Nonparametric test for the comparison between HA and LA groups.

We found a positive correlation between the BVAQ‐B and TAS‐20 total scores (r = 0.542, P = 0.001) and their corresponding factors (B1/T2: r = 0.702, B3/T1: r = 0.717, B5/T3: r = 0.717; all P < 0.001). Regarding the associations between alexithymia and dysphoric affects, we found a positive correlation between TAS‐20 total and BDI‐13 scores (r = 0.455, P = 0.007), TAS‐20 total, and STAI scores (TAS‐20/STAI‐S: r = 0.458, P = 0.006; TAS‐20/STAI‐T: r = 0.410, P = 0.016). This was not the case for BVAQ‐B scores (BVAQ‐B/BDI‐13: r = 0.227, P = 0.196; BVAQ‐B/STAI‐S: r = 0.232, P = 0.187; BVAQ‐B/STAI‐T: r = −0.055, P = 0.757).
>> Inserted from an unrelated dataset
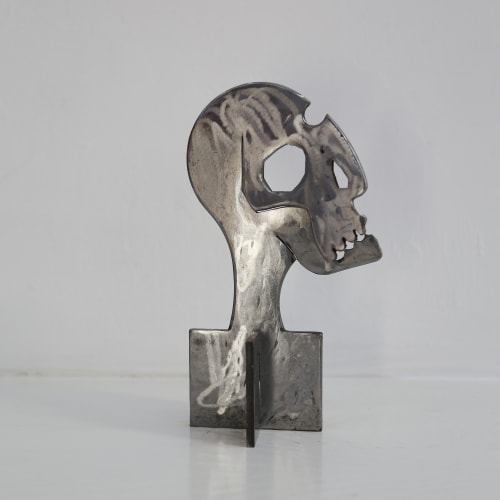 Tøru Harada, Bone to Bone, Iron, 19 × 11 × 7.5 cm, 2015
Regarding the alexithymia subscores, only those measuring the difficulties in identifying feelings were correlated with dysphoric affects' scores (B3/BDI‐13: r = 0.419, P = 0.014; B3/STAI‐S: r = 0.552, P = 0.001; B3/STAI‐T: r = 0.480, P = 0.004; T1/BDI‐13: r = 0.513, P = 0.002; T1/STAI‐S: r = 0.446, P = 0.008; T1/STAI‐T: r = 0.606, P < 0.001).

Moreover, we found no significant difference between the HA and LA groups for the BDI‐13 and STAI scores.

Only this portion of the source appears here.